16. Saddles and handlebar tape may be any colour, but white is highly impractical due to the filth thrown up from Scottish roads. Black is therefore the most sensible colour. Cleansing or replacement of tape must always be performed by the cyclist as per item 8. above.
17. Facial hair is certainly not prohibited, in fact it may be extremely useful to insulate the face. This is especially practical for long-distance tours.
18. As the most widely available and best value, Shimano components are preferred. Under no circumstances should the Scottish Cyclist use Campagnolo simply to show to his peers how stylish and wealthy he is. Stylish, expensive kit is no substitute for dogged training at ungodly hours of the day in horrible conditions with a heavy bike.
19. If the Scottish Cyclist finds himself in the presence of a cyclist riding a bike costing more than 2000€ he shall regard his “acquaintance” with a mixture of disdain and SEVERE condescension, unless the rider’s ability is commensurate with the cost of his equipment.
20. Generally any physical activity other than cycling is encouraged, especially if it is outdoors. Cycling of course, should be preferred at all times, and if The Scottish Cyclist does indulge in other sports, he must be careful not to overdo it. Sports that are approved by the Scottish Cyclist Rules are fell running, cross-country running, Munro climbing and swimming across lochs.
21. One point where the Scottish Cyclist is in agreement with the Euro Cyclist: in the event a motorist disturbs one’s ride: one shall proceed to ride up beside the car, form a clenched fist and bang the boot of the car while shouting and swearing. In fact, the broad Scottish accent is infinitely better at expressing doing one’s rage than Italian. Wild arm and head movements however, add to the effect, in both languages.
22. The seatbag and frame pump are essential pieces of equipment. These are needed when the Scottish Cyclist punctures in the middle of a 200-mile training ride through the Highlands, hours from civilisation.
23. Mud guards are necessary that the rider can ride through winter and foul spring/autumn conditions. Mirrors are not allowed unless one is too old or infirm to to turn one’s head.
24. The use of 25- or 27-toothed cogs are acceptable due to the propensity of ridiculously steep mountainous training routes that the Scottish Cyclist rides. 25 and 27 tooth cogs may also be necessary for the Scottish Cyclist that fuels himself on Irn-Bru and sausage rolls. A single fixed gear is preferred though. Graeme Obree won the Tour de Trossachs mountain time trial, over the Dukes Pass and the Braes of Greenock on a fixed gear- nuff said.

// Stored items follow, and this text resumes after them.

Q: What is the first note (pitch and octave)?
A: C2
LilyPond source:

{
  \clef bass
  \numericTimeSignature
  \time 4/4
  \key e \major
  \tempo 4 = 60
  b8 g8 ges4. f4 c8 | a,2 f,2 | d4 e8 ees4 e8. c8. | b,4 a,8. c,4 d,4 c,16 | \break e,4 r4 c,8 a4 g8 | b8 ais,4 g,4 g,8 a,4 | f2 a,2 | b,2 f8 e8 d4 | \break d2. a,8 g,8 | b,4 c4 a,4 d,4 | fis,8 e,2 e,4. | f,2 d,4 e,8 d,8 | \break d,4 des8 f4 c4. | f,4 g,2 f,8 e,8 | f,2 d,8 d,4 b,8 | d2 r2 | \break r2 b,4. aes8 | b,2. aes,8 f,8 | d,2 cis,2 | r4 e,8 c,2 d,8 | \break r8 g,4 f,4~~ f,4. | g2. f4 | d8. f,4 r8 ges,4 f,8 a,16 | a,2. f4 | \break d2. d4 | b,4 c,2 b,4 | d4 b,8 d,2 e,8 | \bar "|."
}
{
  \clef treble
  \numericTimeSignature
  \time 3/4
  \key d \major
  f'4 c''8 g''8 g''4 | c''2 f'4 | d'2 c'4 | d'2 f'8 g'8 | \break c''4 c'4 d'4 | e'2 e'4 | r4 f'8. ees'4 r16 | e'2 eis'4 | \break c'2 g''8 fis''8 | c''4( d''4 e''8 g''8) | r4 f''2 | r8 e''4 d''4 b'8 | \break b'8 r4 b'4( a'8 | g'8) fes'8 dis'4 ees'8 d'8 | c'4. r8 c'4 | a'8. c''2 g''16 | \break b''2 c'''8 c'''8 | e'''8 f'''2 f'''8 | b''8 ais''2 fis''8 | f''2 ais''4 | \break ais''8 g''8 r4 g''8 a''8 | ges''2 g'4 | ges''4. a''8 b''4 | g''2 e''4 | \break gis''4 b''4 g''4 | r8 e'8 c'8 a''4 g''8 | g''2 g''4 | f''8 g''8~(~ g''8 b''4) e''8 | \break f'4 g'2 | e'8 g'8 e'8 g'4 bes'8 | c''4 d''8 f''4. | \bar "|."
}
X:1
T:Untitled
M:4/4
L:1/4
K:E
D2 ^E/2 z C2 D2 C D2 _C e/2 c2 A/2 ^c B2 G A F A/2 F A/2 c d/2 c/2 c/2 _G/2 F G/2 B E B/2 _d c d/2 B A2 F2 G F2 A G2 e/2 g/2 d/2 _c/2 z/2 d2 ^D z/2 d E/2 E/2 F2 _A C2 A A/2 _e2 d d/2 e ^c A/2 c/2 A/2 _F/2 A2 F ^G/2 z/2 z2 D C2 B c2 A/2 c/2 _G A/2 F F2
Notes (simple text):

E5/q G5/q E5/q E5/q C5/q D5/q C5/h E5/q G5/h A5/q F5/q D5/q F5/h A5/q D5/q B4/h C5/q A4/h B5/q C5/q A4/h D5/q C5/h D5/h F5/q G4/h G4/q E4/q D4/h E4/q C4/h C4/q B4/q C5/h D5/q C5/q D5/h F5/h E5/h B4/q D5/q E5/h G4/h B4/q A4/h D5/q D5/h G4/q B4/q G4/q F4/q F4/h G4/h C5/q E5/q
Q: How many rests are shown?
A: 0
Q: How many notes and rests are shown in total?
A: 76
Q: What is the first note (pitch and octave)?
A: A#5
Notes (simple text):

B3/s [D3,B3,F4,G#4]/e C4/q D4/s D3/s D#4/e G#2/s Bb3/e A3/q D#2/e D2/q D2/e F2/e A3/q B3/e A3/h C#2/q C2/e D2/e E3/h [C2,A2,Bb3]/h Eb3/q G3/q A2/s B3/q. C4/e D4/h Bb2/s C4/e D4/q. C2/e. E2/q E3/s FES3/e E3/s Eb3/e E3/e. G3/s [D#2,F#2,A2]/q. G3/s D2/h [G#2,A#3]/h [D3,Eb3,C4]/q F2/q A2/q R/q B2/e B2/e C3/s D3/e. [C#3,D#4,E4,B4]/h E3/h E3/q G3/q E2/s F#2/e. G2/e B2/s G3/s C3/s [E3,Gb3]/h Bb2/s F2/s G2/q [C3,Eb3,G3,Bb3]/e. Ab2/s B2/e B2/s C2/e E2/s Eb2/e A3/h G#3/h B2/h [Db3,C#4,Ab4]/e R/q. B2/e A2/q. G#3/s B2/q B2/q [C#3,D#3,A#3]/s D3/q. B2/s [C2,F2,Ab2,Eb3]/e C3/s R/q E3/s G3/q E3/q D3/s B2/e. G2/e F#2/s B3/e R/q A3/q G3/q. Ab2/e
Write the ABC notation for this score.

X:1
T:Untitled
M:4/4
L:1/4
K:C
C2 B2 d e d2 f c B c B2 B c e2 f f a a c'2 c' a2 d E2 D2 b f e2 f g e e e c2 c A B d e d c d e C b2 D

25. The Scottish Cyclist should never feature his/her personalised nameplate on his bike. The bike should be significantly individual to distinguish it from other bikes, even of the same make and model (preferably through customised parts).
26. Road pedals (e.g Shimano SPD-SL) are preferred, however mountain bike SPDs are acceptable should the Scottish Cyclist need them for practical reasons- e.g. in order to wear commuting shoes for the daily ride from Lochgilphead to Glasgow, or should the rider want to switch easily from his/her road bike to mountain bike.
27. While strong black coffee is fine, tea or white instant coffee is a much more Scottish drink. Better yet, the Scottish Cyclist shall drink Irn-Bru with a shot of his single malt whisky of choice.
28. Motivational music during training shall consist of whatever motivates the Scottish Cyclist! Suggested tracks include:
500 Miles – The Proclaimers
Caledonia – Rod Stewart
Why Does it Always Rain on Me? – Travis
Take The Long Way Round – Teenage Fanclub
29. Water bottles shall preferably be freebies from sportive rides or found at the side of the road when watching pro races. Under no circumstances should they be discarded until completely spent, even when not matching bike or clothing colours.